FEDERICO CORNELLI, Direttore operativo di Federcasse. L'importanza dell'introduzione del coefficiente di correzione può essere colta attraverso un esempio che prende spunto dall'attualità.
Immaginiamo una banca che decida di approfittare dell'asta straordinaria della BCE, di cui siete a conoscenza. In tal modo, la banca in questione ottiene liquidità, e voi sapete che avere liquidità è, oggi, un risultato importante.
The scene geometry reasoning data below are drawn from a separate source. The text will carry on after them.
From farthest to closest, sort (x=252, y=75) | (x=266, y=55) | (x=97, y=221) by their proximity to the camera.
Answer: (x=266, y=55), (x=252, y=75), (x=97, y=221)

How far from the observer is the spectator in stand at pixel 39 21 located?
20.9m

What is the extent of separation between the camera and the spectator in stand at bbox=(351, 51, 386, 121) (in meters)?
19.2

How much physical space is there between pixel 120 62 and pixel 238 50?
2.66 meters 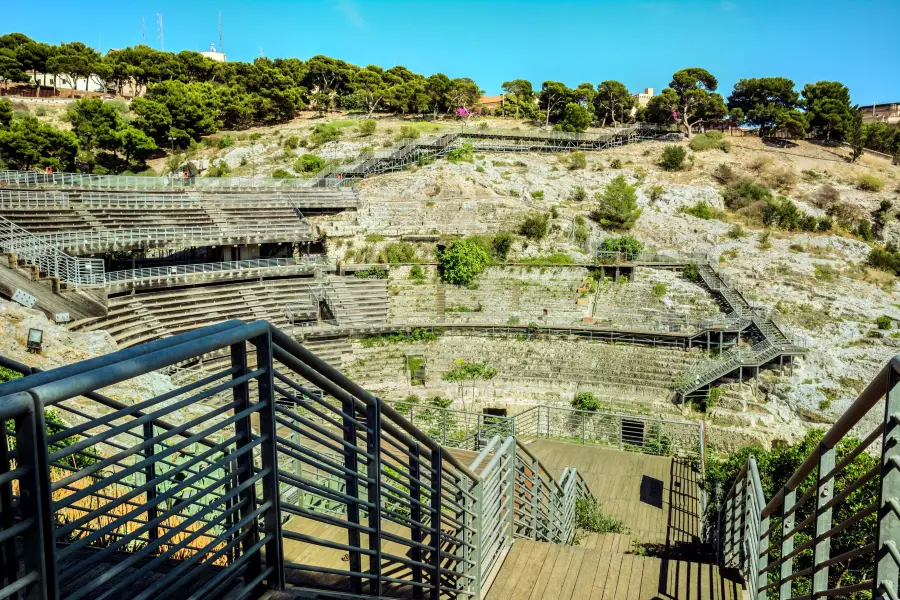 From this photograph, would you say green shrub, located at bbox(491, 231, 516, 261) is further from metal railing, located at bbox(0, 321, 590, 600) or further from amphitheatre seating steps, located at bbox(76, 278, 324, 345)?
metal railing, located at bbox(0, 321, 590, 600)

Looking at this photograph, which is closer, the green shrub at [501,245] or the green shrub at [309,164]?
the green shrub at [501,245]

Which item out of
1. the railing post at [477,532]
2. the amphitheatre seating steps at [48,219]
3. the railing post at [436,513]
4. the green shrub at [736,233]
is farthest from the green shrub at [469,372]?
the railing post at [436,513]

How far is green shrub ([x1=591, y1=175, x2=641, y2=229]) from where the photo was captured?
31.6 m

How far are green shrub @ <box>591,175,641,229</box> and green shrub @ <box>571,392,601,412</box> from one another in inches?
517

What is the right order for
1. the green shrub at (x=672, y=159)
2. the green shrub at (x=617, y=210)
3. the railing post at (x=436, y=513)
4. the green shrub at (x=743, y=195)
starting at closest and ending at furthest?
the railing post at (x=436, y=513) → the green shrub at (x=617, y=210) → the green shrub at (x=743, y=195) → the green shrub at (x=672, y=159)

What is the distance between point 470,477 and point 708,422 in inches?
735

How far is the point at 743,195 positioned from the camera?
34594 millimetres

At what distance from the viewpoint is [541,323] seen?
82.0 ft

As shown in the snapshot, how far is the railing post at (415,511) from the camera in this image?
145 inches

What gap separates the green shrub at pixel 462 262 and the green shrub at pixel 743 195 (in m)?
15.6

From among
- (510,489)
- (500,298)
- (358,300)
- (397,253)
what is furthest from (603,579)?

Tuttavia, se il meccanismo di cui è stato detto non sarà corretto, com'è stato proposto anche da noi, potrà esserci il rischio che, pur avendo ottenuto liquidità, la banca non possa aumentare la quantità di credito da erogare, perché bloccata dall'assorbimento patrimoniale.
Se, un domani, dovessimo venire a sapere che le banche, pur avendo ricevuto i fondi, non si sono comportate come ci saremmo aspettati, cioè non hanno incrementato i finanziamenti, il motivo di tale comportamento sarà da individuare nel maggiore assorbimento patrimoniale da parte degli istituti di credito, assoggettati a iper-regolamentazione, sia per quanto attiene al conto economico, sia per quanto concerne lo stato patrimoniale (che viene in considerazione in questo caso), in un momento in cui acquisire patrimonio è estremamente complicato, come testimoniano gli aumenti di capitale lanciati da società italiane quotate.
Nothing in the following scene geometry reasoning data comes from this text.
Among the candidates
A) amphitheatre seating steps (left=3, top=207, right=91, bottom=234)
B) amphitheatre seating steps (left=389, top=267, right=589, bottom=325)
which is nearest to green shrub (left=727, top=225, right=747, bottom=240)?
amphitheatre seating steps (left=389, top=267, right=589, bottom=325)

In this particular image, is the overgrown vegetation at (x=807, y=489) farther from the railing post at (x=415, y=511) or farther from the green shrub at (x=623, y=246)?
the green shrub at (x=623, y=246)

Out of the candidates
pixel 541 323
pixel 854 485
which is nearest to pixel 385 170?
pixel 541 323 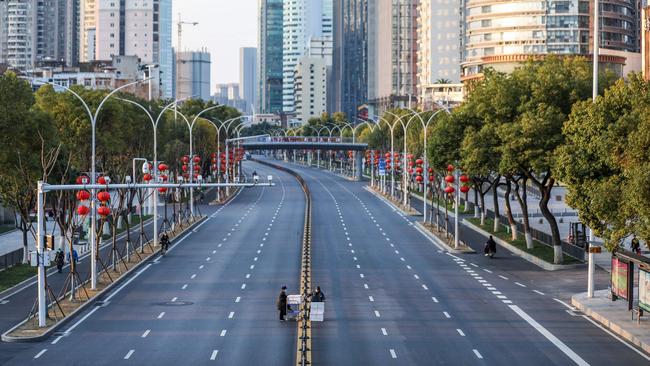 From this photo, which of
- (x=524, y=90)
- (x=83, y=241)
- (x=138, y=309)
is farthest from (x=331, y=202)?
(x=138, y=309)

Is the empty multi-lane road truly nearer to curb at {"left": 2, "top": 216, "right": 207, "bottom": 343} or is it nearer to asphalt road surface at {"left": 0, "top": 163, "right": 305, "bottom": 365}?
asphalt road surface at {"left": 0, "top": 163, "right": 305, "bottom": 365}

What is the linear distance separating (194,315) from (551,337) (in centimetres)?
1439

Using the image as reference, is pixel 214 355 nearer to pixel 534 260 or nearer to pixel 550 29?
pixel 534 260

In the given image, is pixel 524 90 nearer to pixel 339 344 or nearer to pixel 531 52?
pixel 339 344

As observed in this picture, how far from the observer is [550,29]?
175625 millimetres

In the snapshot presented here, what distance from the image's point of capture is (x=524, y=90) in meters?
68.6

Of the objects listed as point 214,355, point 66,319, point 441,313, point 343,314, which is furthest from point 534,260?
point 214,355

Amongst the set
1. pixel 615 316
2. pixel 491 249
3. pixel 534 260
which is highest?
pixel 491 249

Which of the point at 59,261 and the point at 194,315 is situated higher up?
the point at 59,261

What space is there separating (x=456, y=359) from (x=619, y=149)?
9.94 metres

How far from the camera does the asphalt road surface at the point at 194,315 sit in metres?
38.5

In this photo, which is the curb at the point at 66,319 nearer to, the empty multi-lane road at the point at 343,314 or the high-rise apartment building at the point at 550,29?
the empty multi-lane road at the point at 343,314

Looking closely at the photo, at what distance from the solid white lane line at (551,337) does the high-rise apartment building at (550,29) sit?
12481 cm

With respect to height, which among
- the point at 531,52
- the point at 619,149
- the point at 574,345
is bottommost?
the point at 574,345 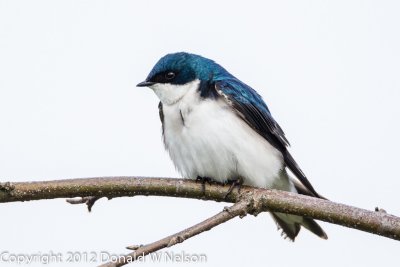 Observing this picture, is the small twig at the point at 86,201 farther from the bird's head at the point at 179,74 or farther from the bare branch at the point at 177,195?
the bird's head at the point at 179,74

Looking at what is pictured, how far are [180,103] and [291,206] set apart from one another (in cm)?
140

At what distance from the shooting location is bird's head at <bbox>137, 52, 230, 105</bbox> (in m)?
4.62

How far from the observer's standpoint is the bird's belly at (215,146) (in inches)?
169

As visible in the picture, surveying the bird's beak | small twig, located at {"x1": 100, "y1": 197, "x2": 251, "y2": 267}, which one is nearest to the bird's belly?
the bird's beak

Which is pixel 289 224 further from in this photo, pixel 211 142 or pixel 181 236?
pixel 181 236

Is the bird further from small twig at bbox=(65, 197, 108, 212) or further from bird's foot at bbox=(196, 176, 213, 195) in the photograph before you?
small twig at bbox=(65, 197, 108, 212)

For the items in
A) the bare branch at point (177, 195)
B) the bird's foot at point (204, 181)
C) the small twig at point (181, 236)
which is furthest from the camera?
the bird's foot at point (204, 181)

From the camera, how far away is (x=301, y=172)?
14.9 ft

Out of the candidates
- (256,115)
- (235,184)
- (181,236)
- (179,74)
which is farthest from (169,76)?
(181,236)

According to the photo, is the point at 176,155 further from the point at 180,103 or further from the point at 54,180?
the point at 54,180

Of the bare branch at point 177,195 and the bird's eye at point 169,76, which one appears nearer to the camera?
the bare branch at point 177,195

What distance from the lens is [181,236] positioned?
106 inches

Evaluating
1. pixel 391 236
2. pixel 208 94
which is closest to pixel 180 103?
pixel 208 94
PRESIDENTE. Dottor Cornelli, potrebbe chiarire il passaggio relativo al capital conservation buffer, che ho trovato piuttosto interessante?

FEDERICO CORNELLI, Direttore operativo di Federcasse. Considerando l'obbligo di mantenimento del capital conservation buffer, Basilea 3 imporrà una complessiva dotazione patrimoniale del 10,5 per cento.
Cosa succederà? Soprattutto la piccola impresa come noi, ma, in genere, le banche italiane e tedesche, avranno un assorbimento patrimoniale e, quindi, non potranno più erogare come prima. Se, ad esempio, la mia banca aveva il 10,5 per cento, poteva fare nuova erogazione, perché il requisito minimo era 8 e, quindi, aveva il 2,5 da mettere in gioco; invece, portando il requisito al 10,5 per cento, non potrà disporre più di quel 2,5.
La proposta italiana è di applicare una specie di sconto, da 76 a 51 - entro nel tecnico -, in modo tale che, se il risultato finale è 10,5, si lavora in modo che la piccola impresa abbia un assorbimento di capitale minore.
Penso che la proposta interessi a molti. In particolare, Italia e Germania potrebbero fare lobby per modificare il meccanismo di calcolo.
Spero di essere stato chiaro.

IRIS PENNISI, Responsabile del servizio rischi e controlli di Federcasse. Per quanto riguarda i giudizi delle agenzie di rating, la CRD IV invita esplicitamente a uscire dalla logica dell'eccessivo affidamento su di essi.
Non possiamo non condividere tale obiettivo, anche alla luce di ciò che sta avvenendo.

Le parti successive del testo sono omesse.